= Task to complete =
Everything from the line with "سوئیچ مدیریتی 48" down to the last line of the material below must be written out exactly. Leave out all other lines.
---- Data for review
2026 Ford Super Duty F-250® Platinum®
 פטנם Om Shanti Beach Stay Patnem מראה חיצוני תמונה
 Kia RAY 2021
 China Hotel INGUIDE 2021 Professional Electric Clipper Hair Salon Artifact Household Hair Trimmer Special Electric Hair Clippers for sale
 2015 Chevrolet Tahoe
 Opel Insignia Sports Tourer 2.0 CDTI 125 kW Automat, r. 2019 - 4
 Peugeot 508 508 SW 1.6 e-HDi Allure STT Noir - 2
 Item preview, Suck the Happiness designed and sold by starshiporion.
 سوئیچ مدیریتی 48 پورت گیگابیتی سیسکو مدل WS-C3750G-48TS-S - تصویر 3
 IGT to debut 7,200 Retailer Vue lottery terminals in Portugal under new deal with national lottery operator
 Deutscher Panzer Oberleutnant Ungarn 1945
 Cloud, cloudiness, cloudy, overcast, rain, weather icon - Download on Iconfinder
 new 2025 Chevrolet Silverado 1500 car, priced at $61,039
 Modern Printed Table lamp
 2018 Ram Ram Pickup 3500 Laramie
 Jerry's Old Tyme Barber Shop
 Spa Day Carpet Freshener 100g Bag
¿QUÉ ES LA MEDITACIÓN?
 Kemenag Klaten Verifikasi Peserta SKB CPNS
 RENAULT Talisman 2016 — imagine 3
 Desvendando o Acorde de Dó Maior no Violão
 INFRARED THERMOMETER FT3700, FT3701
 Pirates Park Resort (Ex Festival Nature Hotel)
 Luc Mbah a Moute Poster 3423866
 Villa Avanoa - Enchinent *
--------
= Answer below =
 سوئیچ مدیریتی 48 پورت گیگابیتی سیسکو مدل WS-C3750G-48TS-S - تصویر 3
 IGT to debut 7,200 Retailer Vue lottery terminals in Portugal under new deal with national lottery operator
 Deutscher Panzer Oberleutnant Ungarn 1945
 Cloud, cloudiness, cloudy, overcast, rain, weather icon - Download on Iconfinder
 new 2025 Chevrolet Silverado 1500 car, priced at $61,039
 Modern Printed Table lamp
 2018 Ram Ram Pickup 3500 Laramie
 Jerry's Old Tyme Barber Shop
 Spa Day Carpet Freshener 100g Bag
¿QUÉ ES LA MEDITACIÓN?
 Kemenag Klaten Verifikasi Peserta SKB CPNS
 RENAULT Talisman 2016 — imagine 3
 Desvendando o Acorde de Dó Maior no Violão
 INFRARED THERMOMETER FT3700, FT3701
 Pirates Park Resort (Ex Festival Nature Hotel)
 Luc Mbah a Moute Poster 3423866
 Villa Avanoa - Enchinent *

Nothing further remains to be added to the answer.